With November being National Epilepsy Awareness Month, University of Guyana (UG) Medical School student Christopher Martin France, who was diagnosed with epilepsy last year, is using his experience and knowledge about the illness to raise awareness and reduce the stigma that surrounds it in Guyana.
Speaking to Stabroek News yesterday at the end of an epilepsy awareness walk that was organised by the Epileptic Foundation of Guyana, the UG medical students association, and the University of Guyana Students’ Society (UGSS), France, who organised the first walk and is an executive member of the Epilepsy Foundation that was founded last year, said that most of the motivation he has harnessed came from the fact that he has had firsthand experience with the illness and the fact that he is a medical student.
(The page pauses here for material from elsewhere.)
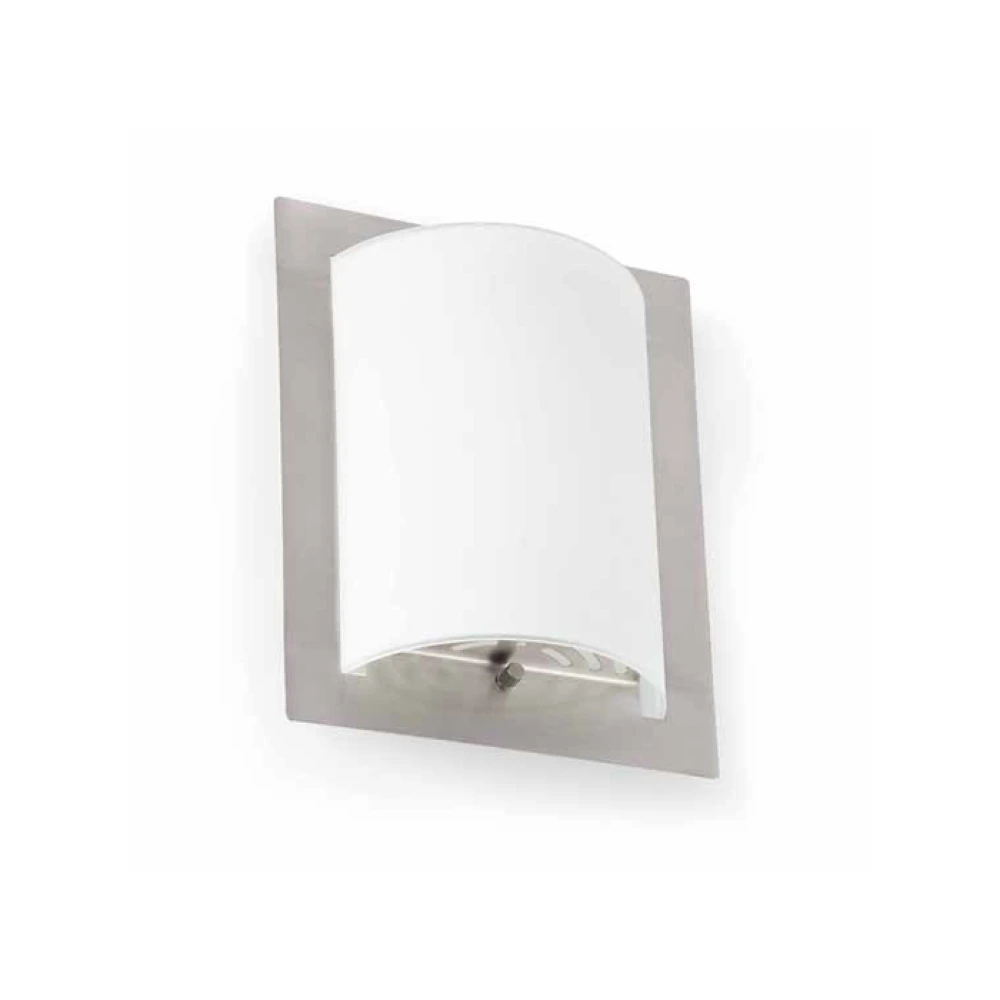 Wall lamp DIULA-1, 1 x E27 max. 60W, IP20, matt nickel, small - FARO - 62987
“The first time I had a seizure, that I was aware of, was last year March and I wasn’t even entirely sure that it was a seizure when it happened. I just know when I woke up I had urinated myself and my tongue was bitten,” France said. He recalled his first attack and explained that while he had a vague idea that he had had an epileptic attack, he was not entirely sure until it happened several times after.
“What made me sure was that eight weeks after the first attack, I had about nine others and that is when I was convinced that it was epilepsy,” he added, stating that after the attacks got worse he visited the doctor and was immediately placed on medication.
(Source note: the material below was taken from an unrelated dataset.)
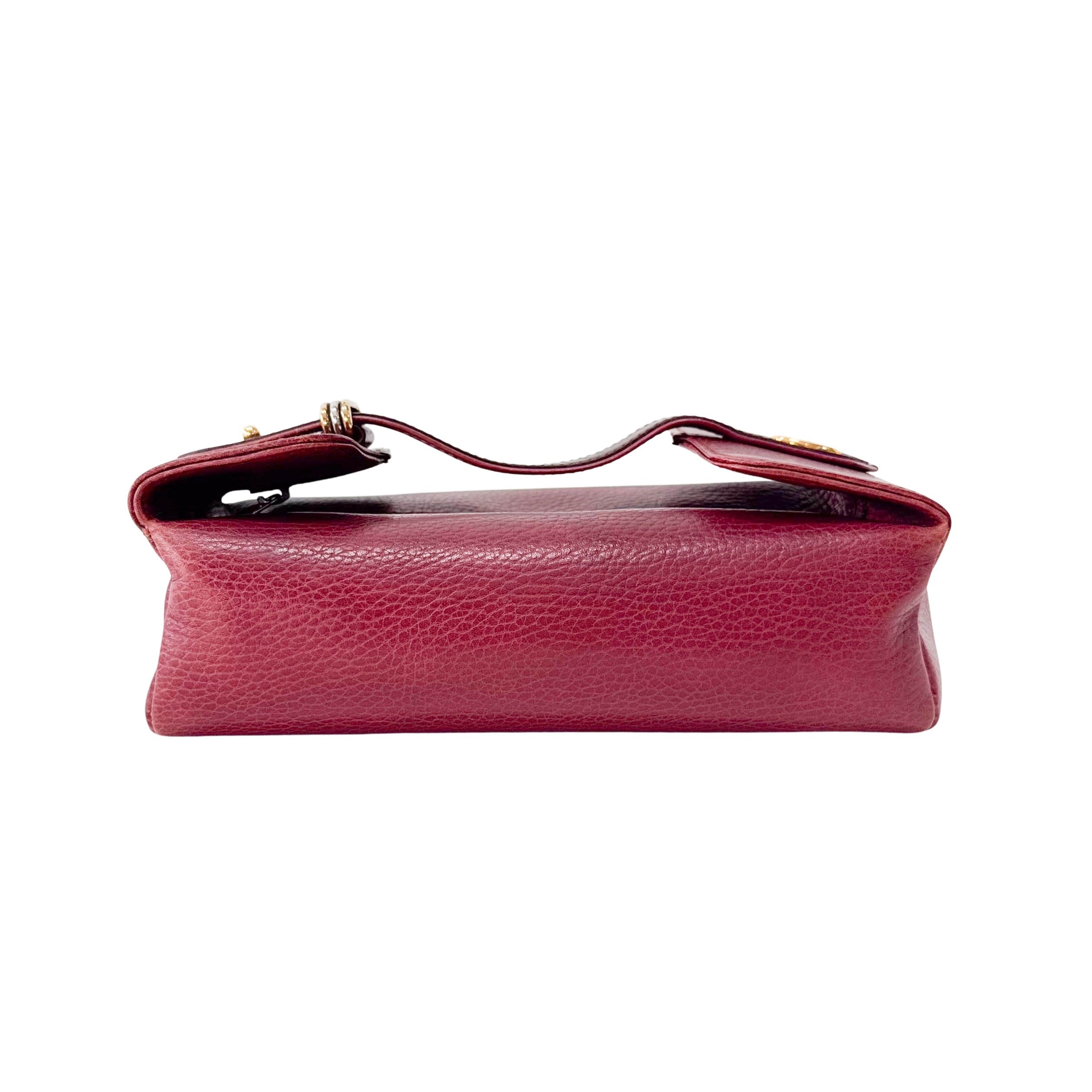 Vanity Must x Trinity Red Leather Bag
His inspiration for setting up the first Epilepsy Awareness Walk came from an experience that involved him writing a blog and doing his own research on the illness. “At that time I was writing a blog with a few friends and was doing my own search and one of the things that I learned was that November is Epilepsy Awareness Month and I decided to write something on epilepsy,” he said, pointing out that after he had written the blog, a friend reached out to him and mentioned that while she was unaware that he was affected by epilepsy, her brother also had the same illness and told him that she would support him if he wanted to do anything. He said it was at this point in time that he realised that he had the support and platform to do something and the idea of the epilepsy awareness walk took root.
“At that time I was a member of the UGSS so in order to fund it I approached the President, Joshua Griffith and he was very accommodating and helpful with funding and it was organised by myself with a great deal of help from the UG medical students society and so it was their walk,” he explained. He said that while planning the walk the idea of starting a foundation also came to mind but they later found out that there was one already in the midst of being organised and as such they invited the budding organisation to take part in the walk which invitation was happily accepted. He said that while the foundation was up and running since last year, he received an invitation to join the executive body from the founder, Dr. Thomas Singh, which he happily accepted and as a result this year’s walk was a joint undertaking by the Epilepsy Foundation, the UG medical students society, and the UGSS.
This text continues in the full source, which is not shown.